Using the CleanADHdata.R Script

Once the raw data have been extracted and the Auxiliary Data Excel file has been completed, the CleanADHdata.R script can be executed. The CleanADHdata.R script is available on the web at GitHub [23].

When the script is executed in the statistical software R, a window allows the selection of the Auxiliary Data Excel file. Once the latter has been selected, a second window opens to select the EM raw data folder. After processing, the R script generates the cleaned and enriched EM data set, called implementation.xlsx, with 2 log files located in the same file folder as the Auxiliary Data Excel file.

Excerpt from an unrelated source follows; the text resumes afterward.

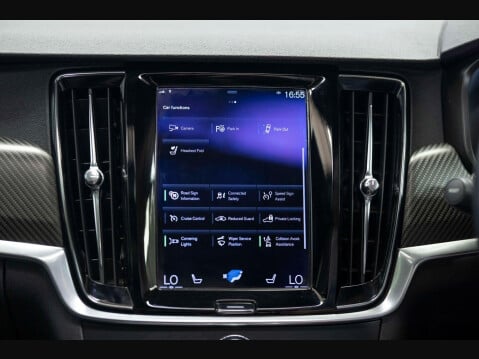 Volvo V90 2.0 D5 PowerPulse R-Design Auto AWD Euro 6 (s/s) 5dr 29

The log file entitled errors.log will show critical errors that will lead to a wrong implementation calculation (eg, dates inserted with the wrong format or missing data in the Auxiliary Data Excel file). The log file entitled warnings.log indicates certain inconsistencies in the Auxiliary Data file. They do not necessarily imply miscalculation of the implementation but should be reviewed by the investigator (eg, no data were found for a patient who appears in the Auxiliary Data file). Based on the errors and warnings listed, the investigator can correct the content of the Auxiliary Data file or EM raw data file. After all errors and warnings are resolved, the cleaned and enriched EM data set presented in implementation.xlsx is ready for analysis.

The implementation file was divided into 4 sheets: by monitor, by patient, summary by monitor, and summary by patient. See GitHub [23] for the presentation of the cleaned and enriched EM data set (ie, implementation.xlsx file) obtained using CleanADHdata.R. Multimedia Appendix 2 provides the codebook of the Excel implementation file.

Operational Definition of Implementation

The operational calculation for medication implementation can be found in the Implementation Calculation section in the script CleanADHdata.R. On the first sheet by monitor, the medication implementation for the monitor is considered optimal (1) on each day if the number of corrected EM openings is at least equal to the number of expected EM openings. Otherwise, the implementation is suboptimal (0). In the case of a nonmonitored period on day x, implementation is not calculated on day x (ie, depicted with an empty cell), as recommended in the literature [9].

In the second sheet by patient, the medication implementation for the patient was calculated each day by the product of the implementation outcome of each patient’s EM. In the case of suboptimal implementation (0) at a given day x for at least 1 EM monitored, the patient implementation on that day x will be suboptimal (0). In the case of a nonmonitored period at a given day x for at least 1 EM monitored, the patient implementation on that day x will not be calculated and will be considered a nonmonitored day (ie, depicted with an empty cell).

In the third and fourth sheets, medication implementation was presented as a summary by monitor and a summary by patient. In the summary by monitor, the implementation rate is calculated based on the number of days with an optimal implementation (1) for the EM over the number of monitored days for each EM (ie, nonmonitored periods are excluded). In the summary by patient, the implementation rate is calculated based on the number of days with an optimal implementation for all EM used by the patient (1) over the number of monitored days (ie, nonmonitored periods are excluded). Multimedia Appendix 3 summarizes the methodology to use the script through a presentation given at the Adherence Data Analysis workshop during the International Conference for Medication Adherence (ESPACOMP) in November 2022.


We used CleanADHdata.R to clean the blurred EM raw data of 10 patients according to variables collected in the Auxiliary Data file to obtain the cleaned and enriched EM data set entitled implementation.xlsx. The EM raw data of 10 patients included in OpTAT were made fictitious by the following blurring method: (1) the implementation.xlsx file was scrambled with an R script (ie, age, gender, side effects, length of monitoring periods, and implementation outcomes were mixed up), generating implementation2.xlsx; (2) an Auxiliary Data file was built based on implementation2.xlsx, and variables were randomly modified (eg, periods of monitoring, date of EM openings, dates of nonmonitored periods, number of added openings, regimens, side effects, patient identifier, and EM number were all blurred); and (3) based on this auxiliary data file, the CleanADHdata.R script was executed to generate implementation3.xlsx. The EM raw data were built based on implementation3.xlsx.

Fictitious patient characteristics were inserted in the PatientCovariables sheet of the Auxiliary Data file; the median age was 63 (IQR 50-68) years, 4 (40%) patients were women, and 1 (10%) patient discontinued the treatment.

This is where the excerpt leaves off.